:: WORK REQUIRED ::
Every line in the data below that holds "Palm" should be found and copied.
---
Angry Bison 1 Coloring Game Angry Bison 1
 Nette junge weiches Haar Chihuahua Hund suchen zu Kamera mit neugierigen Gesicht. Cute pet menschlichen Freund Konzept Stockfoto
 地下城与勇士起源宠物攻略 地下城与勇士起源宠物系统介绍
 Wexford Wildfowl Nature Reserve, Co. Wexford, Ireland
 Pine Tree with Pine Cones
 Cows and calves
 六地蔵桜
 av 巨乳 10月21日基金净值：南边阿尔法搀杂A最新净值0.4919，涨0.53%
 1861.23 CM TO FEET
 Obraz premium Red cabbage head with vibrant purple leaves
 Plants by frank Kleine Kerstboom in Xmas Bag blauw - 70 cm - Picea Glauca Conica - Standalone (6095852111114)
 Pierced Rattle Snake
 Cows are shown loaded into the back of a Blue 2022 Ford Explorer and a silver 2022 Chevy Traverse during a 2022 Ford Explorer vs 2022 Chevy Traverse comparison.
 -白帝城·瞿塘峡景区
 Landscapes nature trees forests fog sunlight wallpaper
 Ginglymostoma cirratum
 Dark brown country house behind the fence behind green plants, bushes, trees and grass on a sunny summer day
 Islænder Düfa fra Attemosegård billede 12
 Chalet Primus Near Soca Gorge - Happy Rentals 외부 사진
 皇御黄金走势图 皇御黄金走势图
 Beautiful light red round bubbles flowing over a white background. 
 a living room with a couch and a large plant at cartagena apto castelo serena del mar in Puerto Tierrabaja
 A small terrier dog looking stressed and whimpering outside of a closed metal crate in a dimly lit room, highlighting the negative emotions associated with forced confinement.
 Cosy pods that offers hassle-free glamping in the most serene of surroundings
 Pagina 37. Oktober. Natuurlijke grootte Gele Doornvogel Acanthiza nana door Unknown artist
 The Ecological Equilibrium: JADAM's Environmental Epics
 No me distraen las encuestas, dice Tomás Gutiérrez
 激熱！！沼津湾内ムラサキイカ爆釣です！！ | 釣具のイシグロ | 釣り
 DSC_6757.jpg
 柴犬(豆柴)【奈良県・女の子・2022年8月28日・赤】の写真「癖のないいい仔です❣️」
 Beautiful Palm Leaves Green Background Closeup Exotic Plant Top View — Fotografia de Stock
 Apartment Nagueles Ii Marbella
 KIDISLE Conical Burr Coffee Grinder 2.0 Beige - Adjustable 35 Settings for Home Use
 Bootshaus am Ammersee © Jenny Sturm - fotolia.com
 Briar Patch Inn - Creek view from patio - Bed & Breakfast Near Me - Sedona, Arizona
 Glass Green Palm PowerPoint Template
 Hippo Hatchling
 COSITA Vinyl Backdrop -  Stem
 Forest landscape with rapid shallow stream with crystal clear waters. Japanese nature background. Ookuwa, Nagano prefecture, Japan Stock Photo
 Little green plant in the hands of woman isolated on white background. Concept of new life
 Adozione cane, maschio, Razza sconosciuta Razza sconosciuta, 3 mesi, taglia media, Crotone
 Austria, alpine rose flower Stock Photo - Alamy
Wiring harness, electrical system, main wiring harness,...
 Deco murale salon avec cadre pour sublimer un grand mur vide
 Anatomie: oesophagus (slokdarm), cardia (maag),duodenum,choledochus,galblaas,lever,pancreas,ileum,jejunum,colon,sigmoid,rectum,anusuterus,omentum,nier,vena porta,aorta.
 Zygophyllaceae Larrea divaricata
---
:: ANSWER SPACE ::
 Beautiful Palm Leaves Green Background Closeup Exotic Plant Top View — Fotografia de Stock
 Glass Green Palm PowerPoint Template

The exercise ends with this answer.